The rest of the movie is a big guessing game: Is Thomas really who he says he is? How long can Lewis and Maja hold him captive in their basement without anyone finding out? And will Thomas try to escape? All of these questions are answered in the film, which has a lot of suspenseful scenes. But then, there are other scenes where the only suspense is when viewers have to suspend their disbelief at some of aspects of the story.

For example, it’s not a spoiler to say that a lot of what happens in the house during the kidnapping would be difficult to hide from an inquisitive child such as Patrick. Let’s just say that the basement isn’t 100% soundproof. The sounds of Maja torturing Thomas (which happens more than once in the movie) or Thomas being yelled at by his kidnappers result in some close calls with some people who don’t live in the home but go to the home to find out if anything out of the ordinary has been going on. But strangely and unrealistically, the child who lives in the house and would be able to hear these loud and disturbing noises never seems to hear anything.

And there’s a scene where Maja and Lewis foolishly forget to take their loaded gun with them when they leave Thomas alone in the basement. The gun is left right in plain view on a table within reach of Thomas. Even though he’s tied to a chair, he can still move his chair over to the table. And you can guess what might happen after that.

Maja also decides to try to befriend Thomas’ distraught wife Rachel (played by Amy Seimetz) and finds out that Rachel is Jewish. There’s also some information that comes out about Maja’s mental-health history that will make viewers wonder how credible her story is or if her mind is playing tricks on her. Lewis also does some investigating on his own to look into Thomas’ background.

“The Secrets We Keep” has some good acting by Rapace, Messina, Kinnaman and Seimetz. Rapace and Kinnaman also had solid performances when they co-starred together in the 2015 mystery thriller “Child 44,” another movie whose acting was better than the screenplay. However, parts of “The Secrets That We Keep” become repetitive with the “he said/she said” stalemate between Thomas and Maja.

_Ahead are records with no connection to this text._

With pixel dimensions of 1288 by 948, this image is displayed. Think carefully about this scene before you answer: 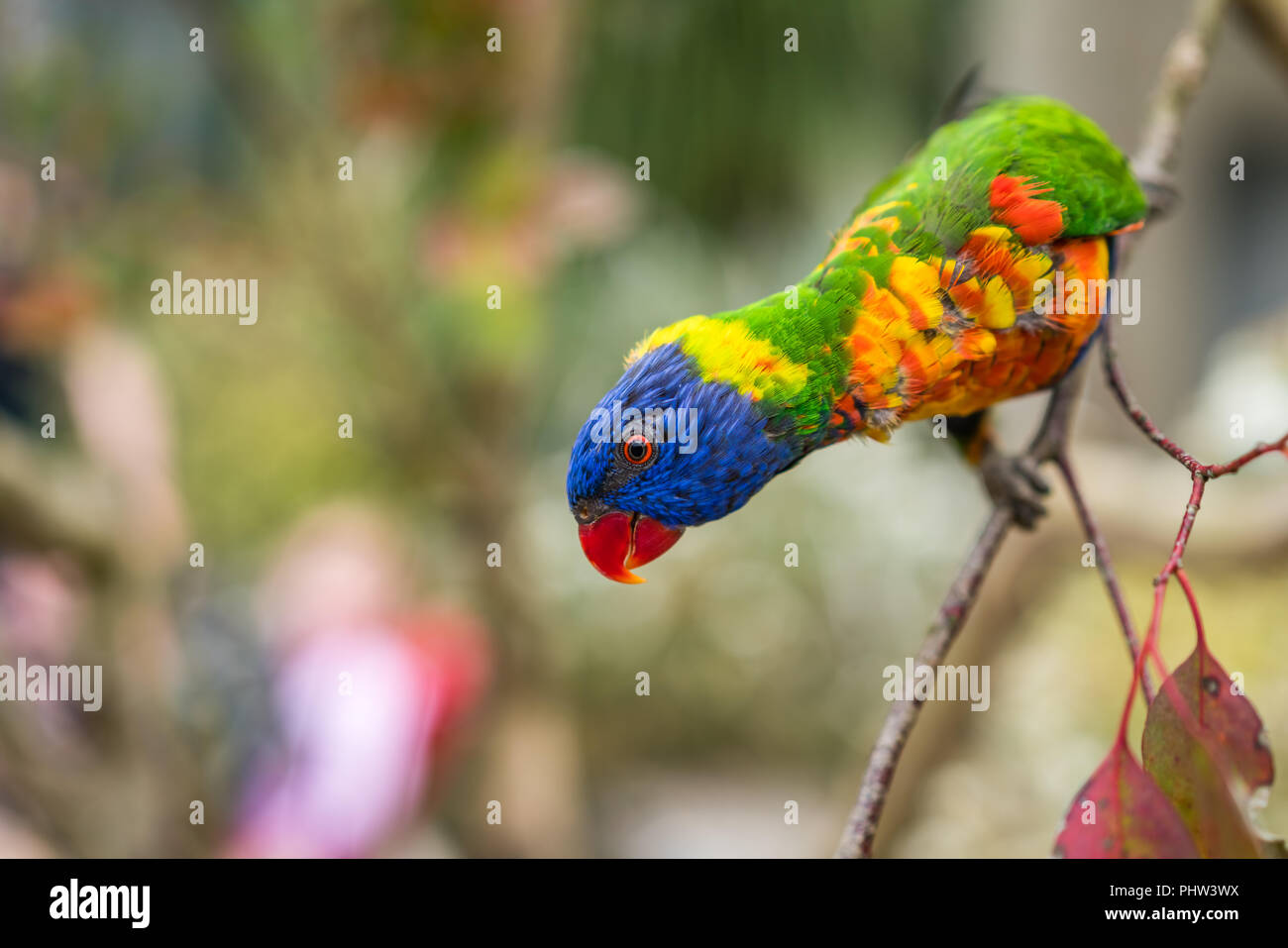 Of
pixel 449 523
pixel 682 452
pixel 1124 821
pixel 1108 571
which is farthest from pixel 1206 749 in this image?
pixel 449 523

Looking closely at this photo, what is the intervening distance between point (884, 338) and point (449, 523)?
1227mm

On the plus side, some of the questionable aspects of the story can be explained. For example, it’s possible that a petite woman like Maja could overpower Thomas (who’s a tall man) if he’s injured. It’s also possible that a respected doctor and his wife wouldn’t fall under suspicion for Thomas’ disappearance, especially when there was no proof that Lewis and Maja had contact with Thomas before he disappeared. Maja took a big risk by kidnapping Thomas outside of his workplace, but this is in 1959, before video surveillance cameras existed.

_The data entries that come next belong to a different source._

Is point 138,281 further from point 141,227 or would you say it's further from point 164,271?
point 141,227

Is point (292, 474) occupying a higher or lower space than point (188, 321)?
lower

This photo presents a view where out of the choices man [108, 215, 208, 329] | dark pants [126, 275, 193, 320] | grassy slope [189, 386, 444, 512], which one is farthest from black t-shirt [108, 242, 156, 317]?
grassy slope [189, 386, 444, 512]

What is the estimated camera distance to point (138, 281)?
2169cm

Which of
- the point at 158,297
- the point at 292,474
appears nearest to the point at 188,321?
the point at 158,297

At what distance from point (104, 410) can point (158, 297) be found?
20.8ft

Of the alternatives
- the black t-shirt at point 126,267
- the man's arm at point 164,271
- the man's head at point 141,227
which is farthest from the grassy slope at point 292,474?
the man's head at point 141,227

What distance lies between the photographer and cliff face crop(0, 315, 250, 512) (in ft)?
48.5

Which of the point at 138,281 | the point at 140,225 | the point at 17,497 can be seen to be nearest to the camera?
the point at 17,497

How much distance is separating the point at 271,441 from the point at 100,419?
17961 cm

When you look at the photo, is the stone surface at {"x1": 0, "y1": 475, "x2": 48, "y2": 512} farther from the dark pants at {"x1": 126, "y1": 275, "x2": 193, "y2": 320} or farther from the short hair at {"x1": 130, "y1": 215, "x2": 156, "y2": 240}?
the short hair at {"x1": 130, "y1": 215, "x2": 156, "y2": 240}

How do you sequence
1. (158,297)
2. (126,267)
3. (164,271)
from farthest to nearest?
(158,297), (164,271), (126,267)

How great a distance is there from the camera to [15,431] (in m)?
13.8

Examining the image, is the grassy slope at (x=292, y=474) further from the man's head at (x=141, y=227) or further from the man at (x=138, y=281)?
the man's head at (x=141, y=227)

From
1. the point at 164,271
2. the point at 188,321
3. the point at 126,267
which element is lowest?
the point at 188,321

For all of Maja’s explosive anger toward Thomas, she’s not as tough as she’d like to come across to the person she’s kidnapped. Her emotional vulnerability is apparent because it seems that it’s more important for her that Lewis believe that she’s not crazy rather than for her to immediately kill the man she keeps threatening to murder. The ending of “The Secrets We Keep” isn’t much of a shock. Although it’s a realistic conclusion (stranger things have happened in real life), it will probably leave a lot of viewers feeling emotionally disconnected from everyone in the story.

Bleecker Street released “The Secrets We Keep” in select U.S. cinemas on September 16, 2020. The movie’s VOD release date is October 16, 2020.